Our theme “Kamaliddin Bihzad and music” has several aspects giving a full picture of medieval music world. First of all, this is conceptualization of musical instruments in performing art of that period. Today’s organology usually classifies instruments into three groups – string, wind and percussive. In miniatures, string instruments are more often represented by tanbur, ud, rubab, chang-harp and gidjak being a string-bow instrument. Wind instruments are represented by nai, karnai and their variants. Among percussions there are doira (daf), nagora and dovul. Some musical instruments in miniatures can be related to the type of tanbur’and. The most valuable property of miniatures is the opportunity they give us to imagine and reconstruct musical instruments which have been lost in a course of time. So, thanks to miniatures and medieval miniaturists we obtain a lucky chance to get known about ruhafzo, barbat, shammom, arganun and other musical instruments (about thirty) which names have been kept in written sources, treatises on music, verses, poems and historical works.
Examining miniatures, we can learn possible atmosphere of music playing and positions of musical instruments. For example, powerful sounding of karnai, nagora and dovul accompanied military campaigns, battles, festivities and hunting that our ancestors liked so much.
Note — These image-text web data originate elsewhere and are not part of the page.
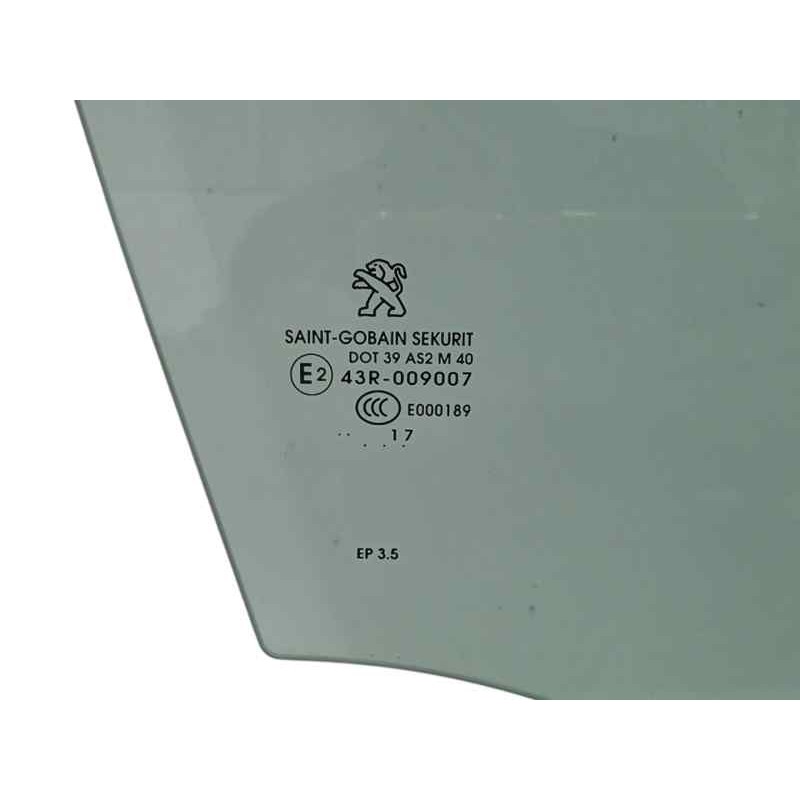 LUNA DELANTERA DERECHA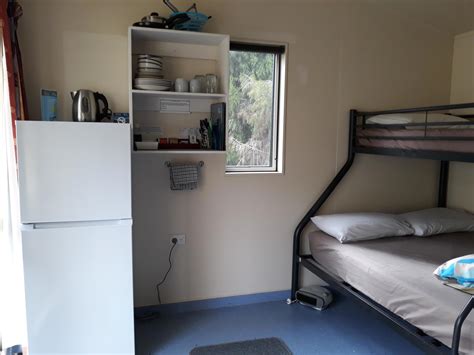Basic Cabin (sleeps 5)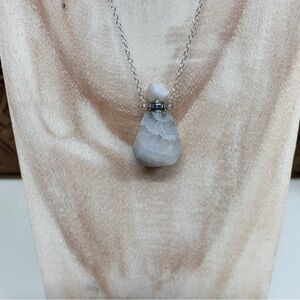 Elegant Silver Crystal Pendant Necklace for Essentials Oils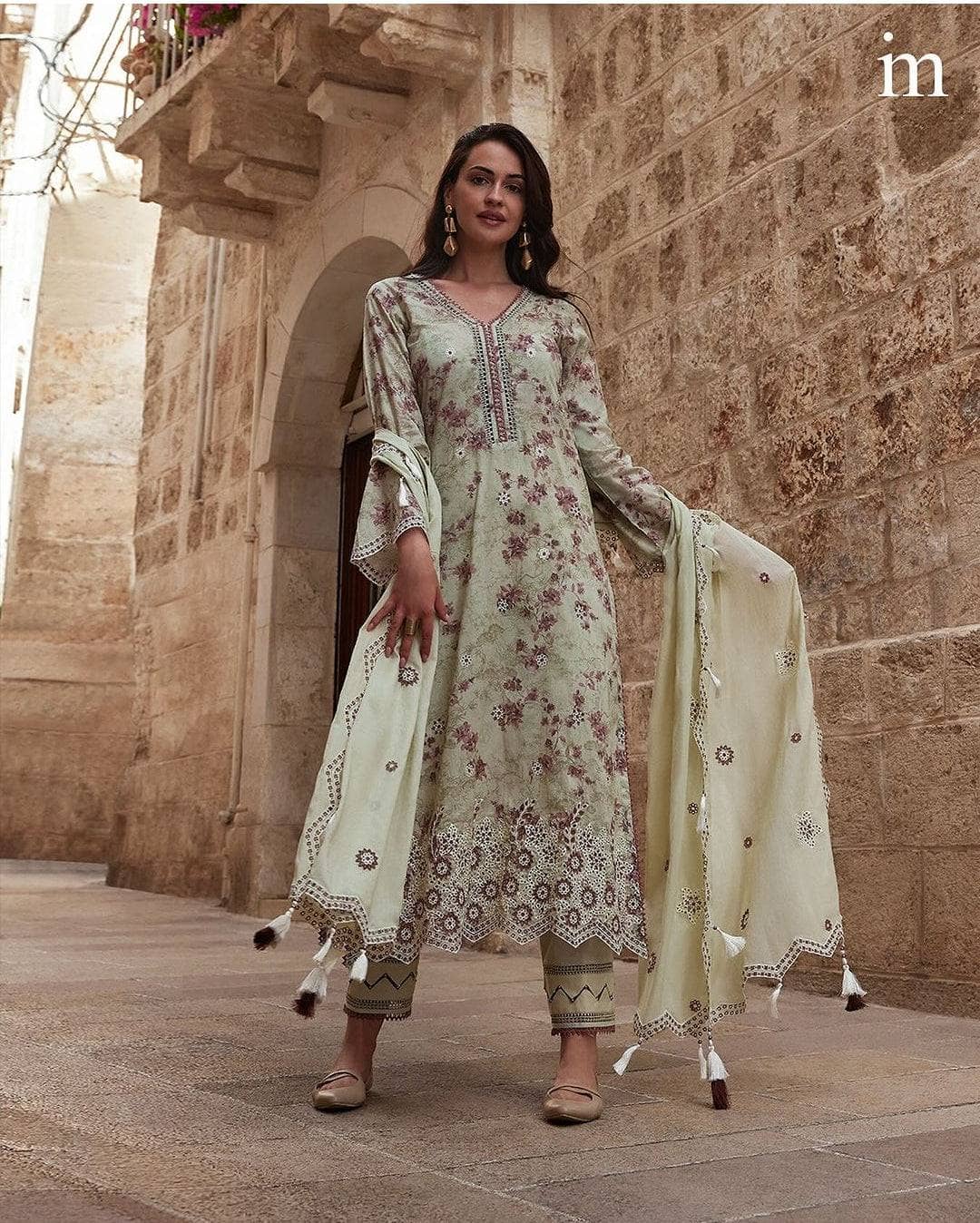 img_image_printkari_lawn_vol_2_awwal_boutique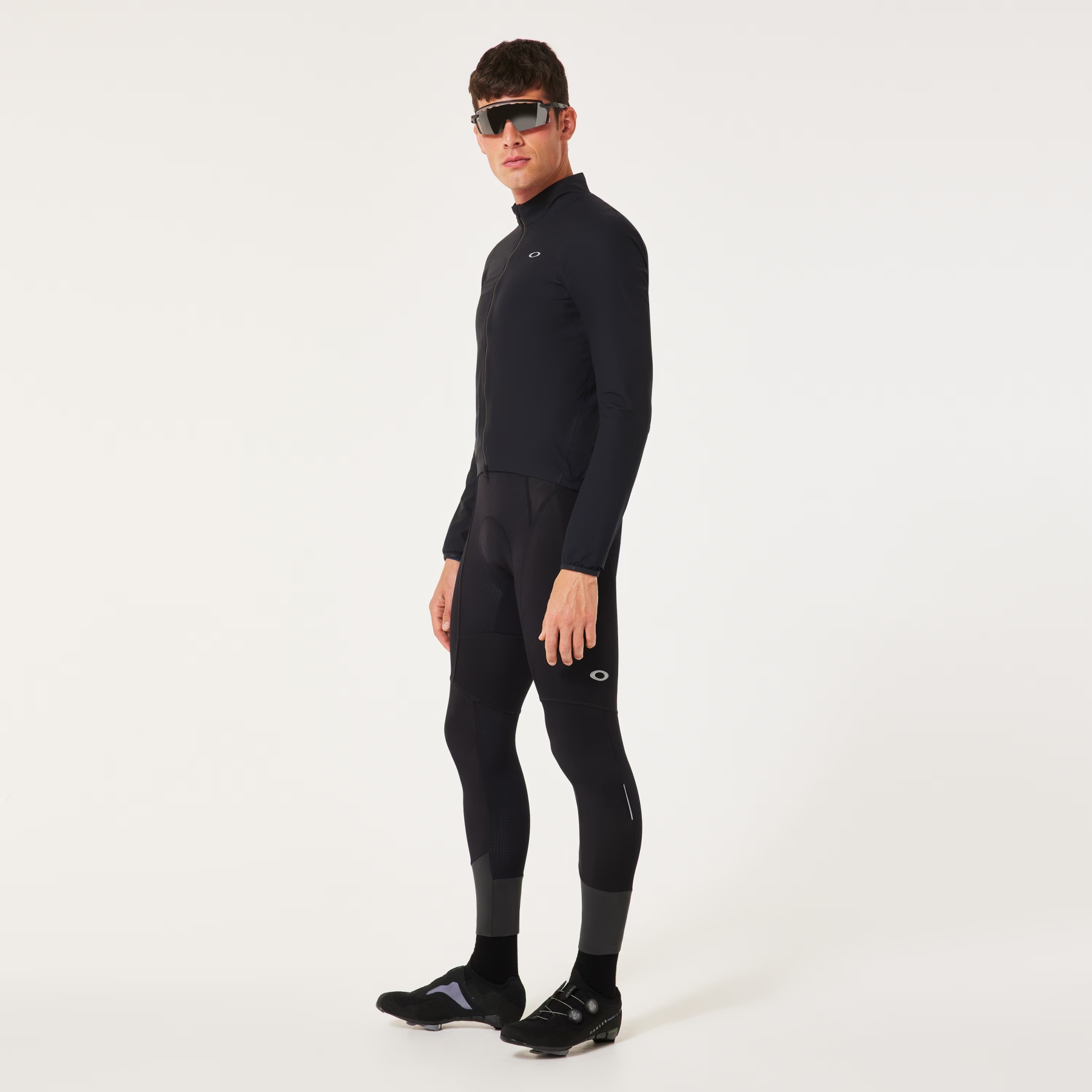 Oakley Endurance GORE-TEX Jacket Men - Blackout | BIKE24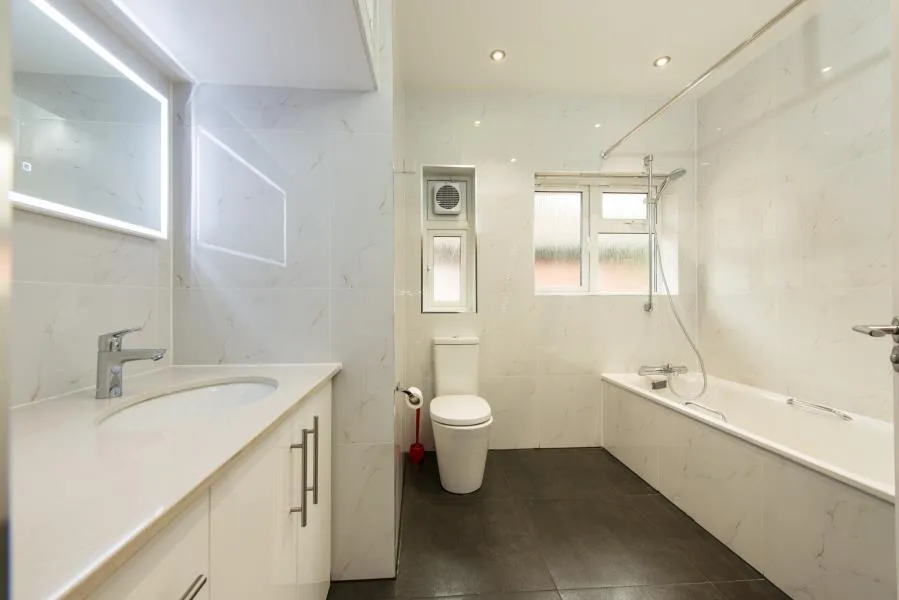 3 bedroom flat for rent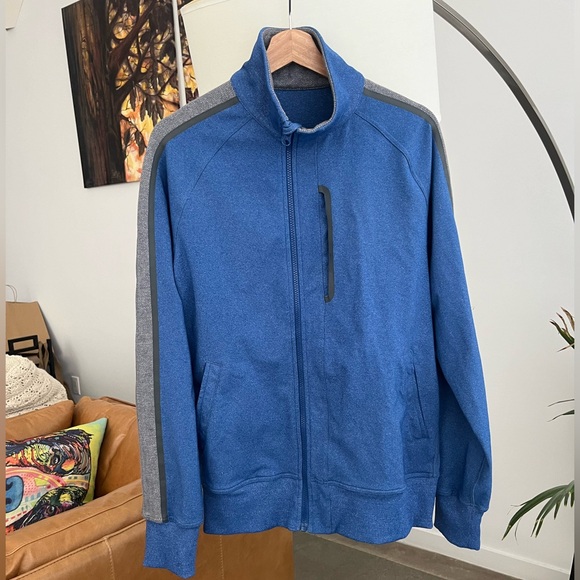 Lululemon Kung Fu Jacket - Picture 3 of 5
Liquid tones of tanbur, rubab, gidjak, ud and chang-harp accompanied quiet dinners and friends’ parties as well as formal receptions – madjlis
Miniatures enrich and differentiate our knowledge on musical genres of that epoch. Now we can differ military music from hunting music, melodies of shepherd from wedding songs or Sufi chanting. Miniatures concretize our ideas on solo and ensemble performing arts. They inform on numerous variants of small ensembles consisted from ud, nai, chang-harp, gidjak and tanbur, which often accompanied performances of solo singer or poetess reading verses. While these ensembles were set in pavilions and palace halls, karnais and banging percussions sounded on open squares for public ceremonies and on fields of battles. All that proves that medieval artists were competent in knowledge of musical ensemble and its arrangement. The majority of ensembles playing indoor included doira that testifies to rhythmic basis of performed music – usul correspondent to professional music (makoms).
Chamber orchestras often had ud, which, however, always varied in sizes of resonator (kosakhona) – small, middle or big. Ancient manuscripts give many facts proving a high rank of ud in hierarchy of medieval musical instruments. It played also important role in music teaching as was widespread and illustrated the system of modes well. Famous Darvish Ali Changhi mentioned an epithet of ud he heard from his teachers-musicians – “sultan of musical instruments” having survived up to the 19th century. Later ud disused. Not long ago ud again revived and came back to musical life. Alas, another destiny awaited chang-harp. “Bride of musical instruments” (according to the same Darvish Ali Changhi) has not returned yet. It still awaits skilful hands of our masters. However, its pictures remain in miniatures.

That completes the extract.